Collierville Leaders Celebrate Opening of Office Building: Helena Chemical a Major Tenant at Schilling Blvd. Site

255 schilling blvd. ribbon cuttingBy Daniel Connolly of The Commercial Appeal

A two-story office building at 255 Schilling Boulevard was the center of attention Thursday as Collierville leaders held a ribbon-cutting for one of the suburb’s latest developments, a project that leaders say is an example of the type of project they want.

Helena Chemical, a long-standing Collierville-based maker of fertilizer and other agricultural products, has its company headquarters just a few feet from the new building and is renting the top floor of the new structure for its southern business unit, which has outgrown its space. A total of 25,000 square feet on the ground floor of the new building is available for other renters, said Les Binkley, vice president of Boyle Investment Company, which constructed the project.

Boyle hopes to rent the remaining space to law firms, real estate agents or other professionals.

Helena Chemical is receiving local tax breaks on its own property at the site, said John Duncan, Collierville’s director of economic development.

The new building is the type of high-quality office space that Collierville wants, Duncan said, adding that he’s trying to recruit more corporate headquarters, regional offices and similar business units to the town.

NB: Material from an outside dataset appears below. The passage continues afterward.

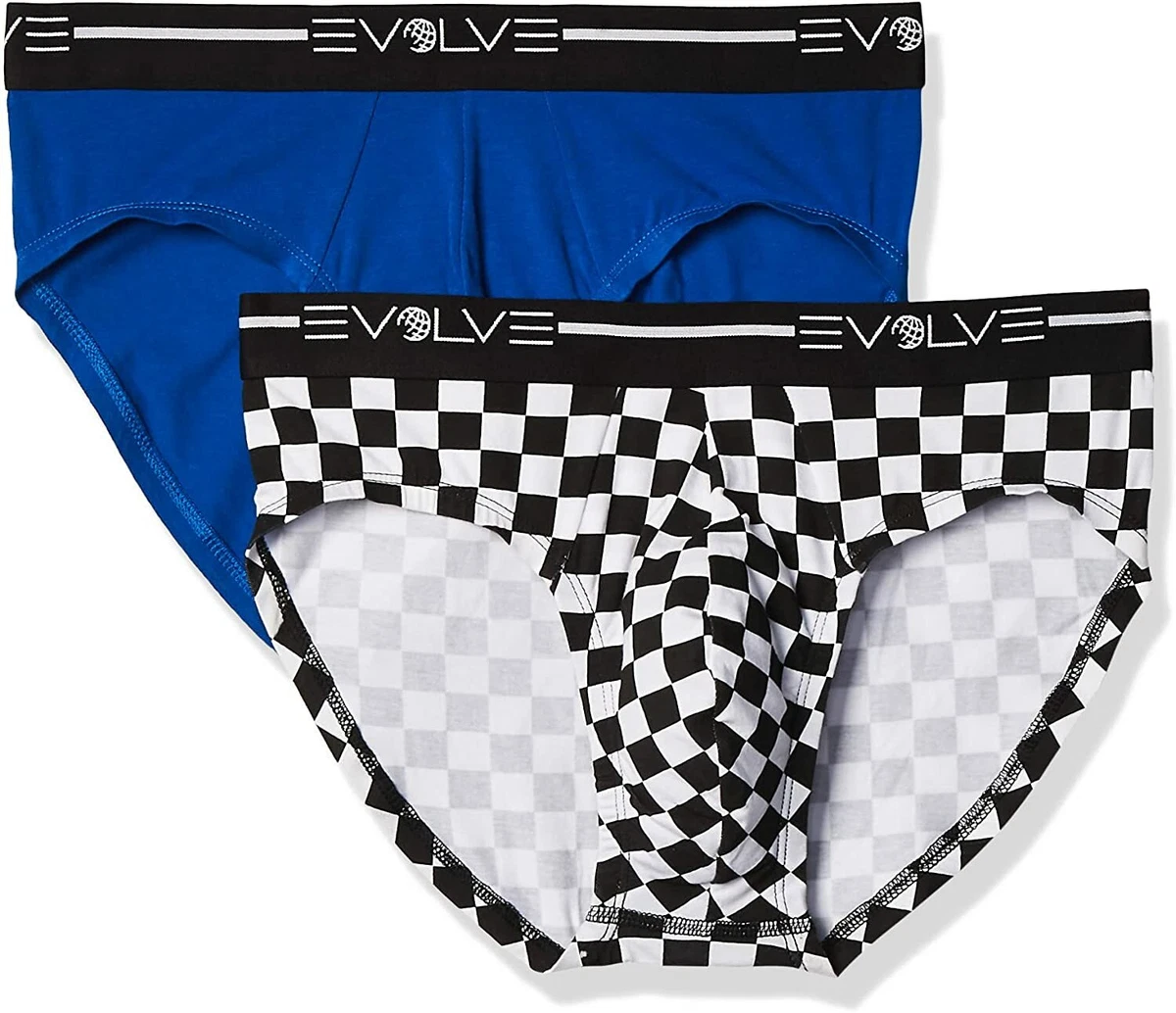 Evolve Men's Cotton Stretch No Show Brief Underwear Multipack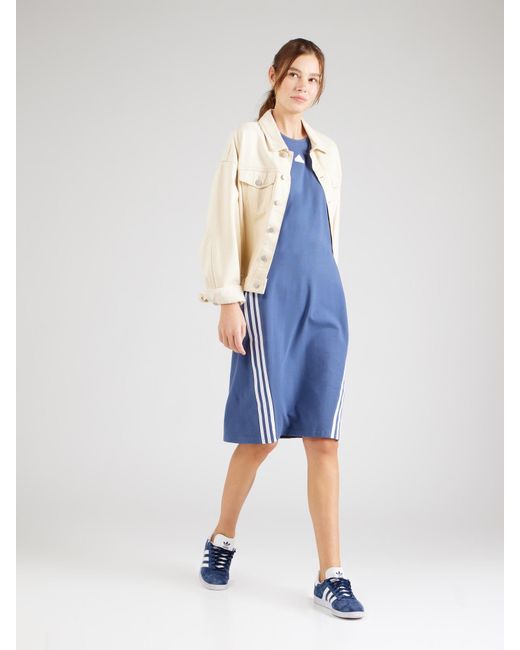 Adidas Blue Sportkleid 'future icons three stripes'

“So corporate campus office development is our No. 1 economic development priority,” Duncan said. “This fits perfectly into our strategy.”

Collierville Mayor Stan Joyner Jr. had a similar view.

“I think it really puts the town of Collierville on the map for corporate headquarters and future businesses that come along,” he said.

A few feet from the new building, construction workers were moving around on a steel skeleton structure. This will become a 9,000-square-foot retail space, hopefully with restaurant options, Binkley said. And construction is wrapping up on an 125-unit apartment complex just across the parking lot from the new building.

Binkley envisioned a place where office workers could work, eat, shop and live all in the same neighborhood.